Seit September sind 80.000 Asylbewerber nach Schweden eingereist. An den Grenzstationen herrschen zum Teil chaotische Zustände. Die Kontrollen sollen einen geordneteren Empfang ermöglichen. Schweden nimmt relativ gesehen von allen EU-Ländern die meisten Asylbewerber auf und hat zunehmend Schwierigkeiten mit der Unterbringung.

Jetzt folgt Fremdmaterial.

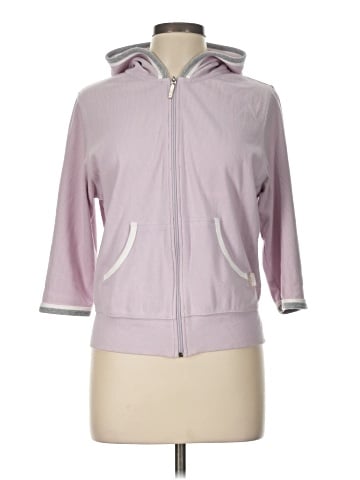 New York Laundry Zip Up Hoodie (view 1)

EU-Kommission nicht informiert

Die vorübergehende Einführung von Grenzkontrollen in Schweden war am Donnerstag auch Thema in Brüssel. Die EU-Kommission sei im Vorfeld nicht darüber informiert worden, sagte eine Sprecherin am Donnerstag. Die Kommission warte nun auf eine offizielle Benachrichtigung.

Die Sprecherin der Kommission stellte gegenüber Journalisten klar, dass die EU-Länder die Kommission informieren sollten, wenn derartige Entscheidungen - wie die Einführung von Grenzkontrollen - getroffen werden, nicht aber notwendigerweise davor.

Kommissionspräsident Jean-Claude Juncker habe in der maltesischen Hauptstadt Valletta mit dem schwedischen Regierungschef Stefan Löfven gesprochen, hieß es in Brüssel.

Einschnitte bei den Hilfsgeldern

Europa ist das erklärte Ziel vieler Flüchtlinge, weshalb der Andrang der Schutzsuchenden die europäischen Länder auf eine harte logistische und finanzielle Probe stellt. UN-Generalsekretär Ban rügte nun aber indirekt die nordeuropäischen Länder für Kürzungen bei der Entwicklungshilfe, um die Flüchtlingskrise zu bewältigen. Er nannte kein Land konkret - Finnland, Norwegen und Schweden planen derzeit aber entscheidende Einschnitte bei den Hilfsgeldern für arme Länder. Dänemark beschloss die Budget-Kürzungen bereits, die Niederlande erwägen Umverteilungen der Gelder.

"Die Ressourcen eines Bereichs sollten nicht auf Kosten eines anderen gehen", erklärte Ban. An der Entwicklungshilfe zu sparen sei "kontraproduktiv". Damit werde Millionen Menschen weltweit die Chance auf ein besseres Leben genommen.